Well-known Bollywood playback singer Sunidhi Chauhan performed with fellow musician Sukhwinder Singh and Pakistani singer Shafqat Ali Khan and ended the performance with a rendering of Mariah Carey’s Hero.

Earlier in the month, Night Raga and Pritham Chakravarty’s savage monologues on ‘‘marginal lives’’ were hailed as the highpoints of the fairly disparate Indian showcase, which was supported by Visiting Arts and the ICCR. Chakravarty, who performed a ‘‘not so pretty’’ monologue on the lives of four hijras at the Hub, a popular festival venue, said of the act, ‘‘It’s a bizarre world you have to enter to understand. Even then there is disbelief that this is happening in modern India.’’

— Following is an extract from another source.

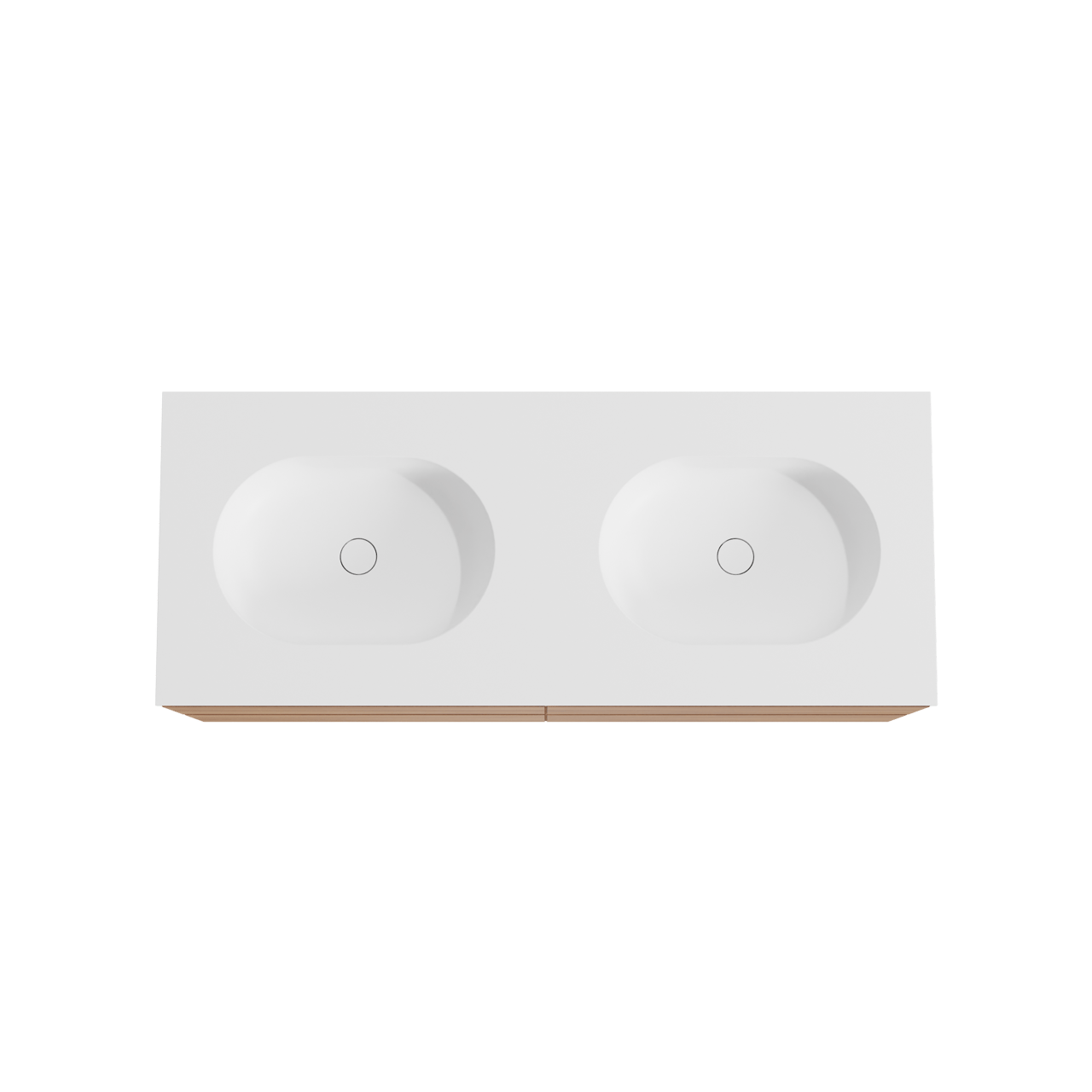 Balmani Mitra meuble salle de bains suspendu 135 x 55 cm teck avec Tablo Oval double vasque en solid surface blanc mat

As yet not too many people in Edinburgh are entirely clear about what is really happening within the realm of modern and contemporary art and culture in India, given that they have to rely on the relative ‘expertise’ of organisers who profess to be showcasing the best of Indian arts.

On the other hand, high praise was showered on Canadian Opera Company’s Oedipus Rex, (based on Stravinsky’s musical opus), which played its closing shows to packed houses in Edinburgh with an elaborate and opulent stage of cinematic scale. The overwhelming sense of the performance was a triumphant reiteration of the fact that ‘we are the world’.

A world that, for the moment, excludes the Indian performing arts. As outsiders on the fringe in Edinburgh, with preconceived notions of what should and should not be showcased, we can only watch the show from the aisles and, perhaps,meekly join in with applause. At least till such time as we can learn to go with the flow and get across a sharper feel of what the current Indian pulse is really about. Till then we really do not have that much to shout about. Maybe next year?